- Work to be completed: Reproduce each line from the first in the data through the line that contains "Stainless Steel Double" exactly; give nothing else.

- Dataset extract:
* * * * * * *
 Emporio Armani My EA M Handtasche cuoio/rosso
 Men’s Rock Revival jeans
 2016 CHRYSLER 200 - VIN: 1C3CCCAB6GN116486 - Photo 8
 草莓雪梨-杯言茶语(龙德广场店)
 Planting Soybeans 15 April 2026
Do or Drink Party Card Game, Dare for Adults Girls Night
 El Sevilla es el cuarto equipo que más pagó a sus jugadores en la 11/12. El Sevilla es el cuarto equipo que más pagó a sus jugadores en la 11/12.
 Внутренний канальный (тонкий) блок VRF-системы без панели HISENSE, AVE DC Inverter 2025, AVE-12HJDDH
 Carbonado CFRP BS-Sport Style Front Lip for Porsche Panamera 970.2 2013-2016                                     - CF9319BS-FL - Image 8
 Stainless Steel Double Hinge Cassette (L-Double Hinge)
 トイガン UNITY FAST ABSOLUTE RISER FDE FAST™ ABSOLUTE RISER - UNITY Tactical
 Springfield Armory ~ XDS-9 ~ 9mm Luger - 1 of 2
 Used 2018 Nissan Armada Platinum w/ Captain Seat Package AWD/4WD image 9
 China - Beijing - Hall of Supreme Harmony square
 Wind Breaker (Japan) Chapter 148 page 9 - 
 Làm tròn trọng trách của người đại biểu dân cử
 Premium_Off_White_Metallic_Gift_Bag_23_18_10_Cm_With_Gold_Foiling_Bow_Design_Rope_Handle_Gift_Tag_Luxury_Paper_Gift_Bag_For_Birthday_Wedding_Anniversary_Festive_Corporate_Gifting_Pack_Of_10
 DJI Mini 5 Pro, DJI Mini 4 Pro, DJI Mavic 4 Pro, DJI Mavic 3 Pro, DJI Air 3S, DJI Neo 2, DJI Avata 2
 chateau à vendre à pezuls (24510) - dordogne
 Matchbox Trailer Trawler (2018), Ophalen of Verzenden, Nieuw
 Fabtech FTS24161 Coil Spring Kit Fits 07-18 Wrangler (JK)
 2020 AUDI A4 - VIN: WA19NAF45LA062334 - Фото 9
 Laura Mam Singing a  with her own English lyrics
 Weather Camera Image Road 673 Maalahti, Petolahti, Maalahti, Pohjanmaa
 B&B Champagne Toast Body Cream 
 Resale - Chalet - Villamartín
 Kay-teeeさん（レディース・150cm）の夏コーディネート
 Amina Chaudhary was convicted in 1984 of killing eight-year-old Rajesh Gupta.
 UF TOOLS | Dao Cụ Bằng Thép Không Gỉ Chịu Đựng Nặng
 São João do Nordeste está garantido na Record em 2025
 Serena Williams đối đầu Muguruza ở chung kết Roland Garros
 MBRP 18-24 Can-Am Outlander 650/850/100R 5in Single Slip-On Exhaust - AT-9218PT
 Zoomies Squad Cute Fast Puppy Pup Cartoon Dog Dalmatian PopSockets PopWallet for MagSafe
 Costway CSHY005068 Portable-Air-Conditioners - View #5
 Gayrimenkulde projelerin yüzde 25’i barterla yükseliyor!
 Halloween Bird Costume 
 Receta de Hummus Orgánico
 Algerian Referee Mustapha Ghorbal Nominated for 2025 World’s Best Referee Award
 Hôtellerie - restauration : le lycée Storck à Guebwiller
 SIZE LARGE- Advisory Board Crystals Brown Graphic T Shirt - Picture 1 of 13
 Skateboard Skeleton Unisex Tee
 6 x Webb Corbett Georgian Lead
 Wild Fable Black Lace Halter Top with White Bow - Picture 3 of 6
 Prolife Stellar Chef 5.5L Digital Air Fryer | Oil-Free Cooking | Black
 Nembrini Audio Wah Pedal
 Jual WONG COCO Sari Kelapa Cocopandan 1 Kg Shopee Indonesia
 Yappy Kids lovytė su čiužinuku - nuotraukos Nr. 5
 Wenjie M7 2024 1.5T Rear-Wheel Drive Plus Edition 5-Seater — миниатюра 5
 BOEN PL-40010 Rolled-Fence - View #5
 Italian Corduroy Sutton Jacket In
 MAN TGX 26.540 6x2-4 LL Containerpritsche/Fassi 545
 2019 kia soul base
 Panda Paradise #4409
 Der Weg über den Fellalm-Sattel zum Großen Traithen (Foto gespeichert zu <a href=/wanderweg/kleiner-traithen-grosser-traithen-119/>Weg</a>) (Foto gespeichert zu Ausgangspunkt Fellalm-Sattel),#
* * * * * * *
- Result:
 Emporio Armani My EA M Handtasche cuoio/rosso
 Men’s Rock Revival jeans
 2016 CHRYSLER 200 - VIN: 1C3CCCAB6GN116486 - Photo 8
 草莓雪梨-杯言茶语(龙德广场店)
 Planting Soybeans 15 April 2026
Do or Drink Party Card Game, Dare for Adults Girls Night
 El Sevilla es el cuarto equipo que más pagó a sus jugadores en la 11/12. El Sevilla es el cuarto equipo que más pagó a sus jugadores en la 11/12.
 Внутренний канальный (тонкий) блок VRF-системы без панели HISENSE, AVE DC Inverter 2025, AVE-12HJDDH
 Carbonado CFRP BS-Sport Style Front Lip for Porsche Panamera 970.2 2013-2016                                     - CF9319BS-FL - Image 8
 Stainless Steel Double Hinge Cassette (L-Double Hinge)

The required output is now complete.